Ilustrasi Kehancuran Ekologis Pantai Bangka Belitung
Oleh : Achmad Fathullah
Founder Dedikasi Kita Foundation
Dari balik layar pemantau, saya mengendalikan drone di atas pesisir Kepulauan Bangka Belitung. Jika Anda berharap melihat surga tropis dengan gradasi laut biru yang eksotis, bersiaplah untuk kecewa. Alih-alih terumbu karang yang menawan, lensa kamera saya justru menangkap sebuah “karya seni” antroposentrisme yang brutal. Armada raksasa Ponton Isap Produksi (PIP) yang bak monster baja, sibuk mengaduk-aduk dasar laut kita menjadi kubangan lumpur.
Di perairan Tembelok dan Keranggan, saya mendengar langsung jeritan para nelayan yang ruang tangkapnya diinvasi oleh mesin tambang ilegal yang beroperasi tanpa henti dari pagi hingga malam. Laporan mereka seolah menguap di lorong birokrasi, dibalas dengan ketidakpastian. Pukulan telak lainnya baru saja terjadi di Pantai Penyusuk pada 20 April 2026. Lensa berita merekam bagaimana Satgas TNI AL harus menggagalkan penyelundupan 81 karung bijih timah dengan modus operandi baru yang merugikan negara Dimana para pelaku merampas hasil tambang langsung dari PIP di tengah laut untuk segera diselundupkan keluar NKRI. Sementara itu, di Batu Beriga, saya melihat masyarakat adat yang harus berjuang sendirian dengan keras kepala menolak tambang laut demi merawat tradisi luhur taber laot dan menjaga keseimbangan ekosistem laut mereka.
Saya kemudian bertanya pada diri sendiri, mengapa delusi ekstraktif yang mengorbankan laut ini terus dipelihara dengan dalih “urat nadi ekonomi”?
Untuk membantah delusi tersebut, saya menelusuri data statistik resmi. Saya tertegun saat membedah Laporan Perekonomian Provinsi Kepulauan Bangka Belitung Februari 2026. Data BPS menunjukkan bahwa narasi tambang sebagai tumpuan hidup adalah sebuah kekeliruan struktural. Pada Triwulan IV 2025, sektor Pertambangan dan Penggalian ternyata hanya menyumbang 8,27% terhadap struktur Produk Domestik Regional Bruto (PDRB) kita. Dari sisi serapan tenaga kerja, sektor ini hanya mempekerjakan 104.570 orang.

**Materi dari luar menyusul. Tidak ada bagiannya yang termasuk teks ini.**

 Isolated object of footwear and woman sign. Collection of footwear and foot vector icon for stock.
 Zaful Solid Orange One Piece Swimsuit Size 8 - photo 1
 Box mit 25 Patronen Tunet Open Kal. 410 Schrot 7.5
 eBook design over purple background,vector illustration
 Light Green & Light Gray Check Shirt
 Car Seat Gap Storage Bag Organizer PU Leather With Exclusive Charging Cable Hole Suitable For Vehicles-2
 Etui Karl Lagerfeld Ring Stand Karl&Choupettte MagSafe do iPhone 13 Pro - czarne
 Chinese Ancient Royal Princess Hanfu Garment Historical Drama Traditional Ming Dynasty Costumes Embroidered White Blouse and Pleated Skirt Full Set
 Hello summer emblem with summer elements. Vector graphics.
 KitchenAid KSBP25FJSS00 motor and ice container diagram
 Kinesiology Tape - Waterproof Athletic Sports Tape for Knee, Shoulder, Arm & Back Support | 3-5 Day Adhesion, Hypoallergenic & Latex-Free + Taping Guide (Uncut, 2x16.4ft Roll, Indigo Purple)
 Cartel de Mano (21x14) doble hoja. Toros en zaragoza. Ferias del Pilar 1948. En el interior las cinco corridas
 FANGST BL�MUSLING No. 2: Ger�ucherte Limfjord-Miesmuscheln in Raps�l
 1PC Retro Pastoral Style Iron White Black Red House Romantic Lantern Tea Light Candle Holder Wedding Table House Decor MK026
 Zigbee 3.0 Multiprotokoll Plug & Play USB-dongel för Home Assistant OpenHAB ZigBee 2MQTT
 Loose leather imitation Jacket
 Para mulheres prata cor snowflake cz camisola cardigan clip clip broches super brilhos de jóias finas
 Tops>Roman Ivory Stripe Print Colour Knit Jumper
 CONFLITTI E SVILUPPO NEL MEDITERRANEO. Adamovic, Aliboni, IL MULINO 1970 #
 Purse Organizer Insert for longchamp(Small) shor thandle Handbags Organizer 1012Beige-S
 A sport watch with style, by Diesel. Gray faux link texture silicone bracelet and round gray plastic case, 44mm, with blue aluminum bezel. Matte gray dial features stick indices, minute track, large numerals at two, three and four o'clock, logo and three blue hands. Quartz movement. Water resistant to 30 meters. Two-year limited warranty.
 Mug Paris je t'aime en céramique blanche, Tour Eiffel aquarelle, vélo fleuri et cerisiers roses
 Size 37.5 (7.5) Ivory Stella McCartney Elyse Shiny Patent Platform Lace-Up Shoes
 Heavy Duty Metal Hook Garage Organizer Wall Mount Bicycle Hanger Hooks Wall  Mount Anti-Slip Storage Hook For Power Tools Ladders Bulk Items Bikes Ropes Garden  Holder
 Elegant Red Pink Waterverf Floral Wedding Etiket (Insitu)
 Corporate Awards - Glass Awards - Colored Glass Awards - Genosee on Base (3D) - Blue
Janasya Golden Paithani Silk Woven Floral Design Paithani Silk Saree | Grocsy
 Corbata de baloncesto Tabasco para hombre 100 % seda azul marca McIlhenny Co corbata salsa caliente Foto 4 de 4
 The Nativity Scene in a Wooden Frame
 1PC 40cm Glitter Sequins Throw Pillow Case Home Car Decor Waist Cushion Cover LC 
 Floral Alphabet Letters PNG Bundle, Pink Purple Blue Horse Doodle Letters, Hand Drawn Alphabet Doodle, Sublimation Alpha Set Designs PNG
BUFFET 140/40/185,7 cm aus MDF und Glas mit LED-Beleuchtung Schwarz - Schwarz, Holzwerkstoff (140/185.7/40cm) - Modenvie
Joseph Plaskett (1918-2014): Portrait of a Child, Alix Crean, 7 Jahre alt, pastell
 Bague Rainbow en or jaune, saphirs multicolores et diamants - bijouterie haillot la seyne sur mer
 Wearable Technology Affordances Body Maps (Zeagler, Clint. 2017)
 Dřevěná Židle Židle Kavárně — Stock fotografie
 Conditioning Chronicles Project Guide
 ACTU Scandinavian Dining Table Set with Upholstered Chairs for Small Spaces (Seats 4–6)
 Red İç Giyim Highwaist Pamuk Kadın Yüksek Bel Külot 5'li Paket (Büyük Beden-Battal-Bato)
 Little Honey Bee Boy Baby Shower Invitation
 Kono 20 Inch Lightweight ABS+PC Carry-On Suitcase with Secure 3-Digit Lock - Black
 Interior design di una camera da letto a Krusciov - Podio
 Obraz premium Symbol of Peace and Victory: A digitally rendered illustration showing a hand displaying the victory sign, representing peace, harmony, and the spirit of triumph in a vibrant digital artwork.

Mari bandingkan dengan sektor Pertanian, Kehutanan, dan Perikanan yang kerap dipinggirkan. Sektor agromaritim ini justru menyumbang porsi PDRB raksasa sebesar 20,45% dan secara nyata menghidupi lebih dari 212.770 tenaga kerja atau sekitar 26,90% dari total pekerja di Babel. Bahkan, saya menemukan fakta bahwa nilai perikanan tangkap laut Babel mencetak angka fantastis yang mencapai Rp 8,09 Triliun pada 2024 dengan volume produksi 236.038 ton. Lantas, rasionalitas ekonomi macam apa yang membiarkan sektor bernilai triliunan rupiah yang menghidupi ratusan ribu warga dihancurkan secara sistematis demi menyuapi porsi sektor tambang yang jauh lebih kecil?
Terjebak dalam “Kutukan Sumber Daya Alam”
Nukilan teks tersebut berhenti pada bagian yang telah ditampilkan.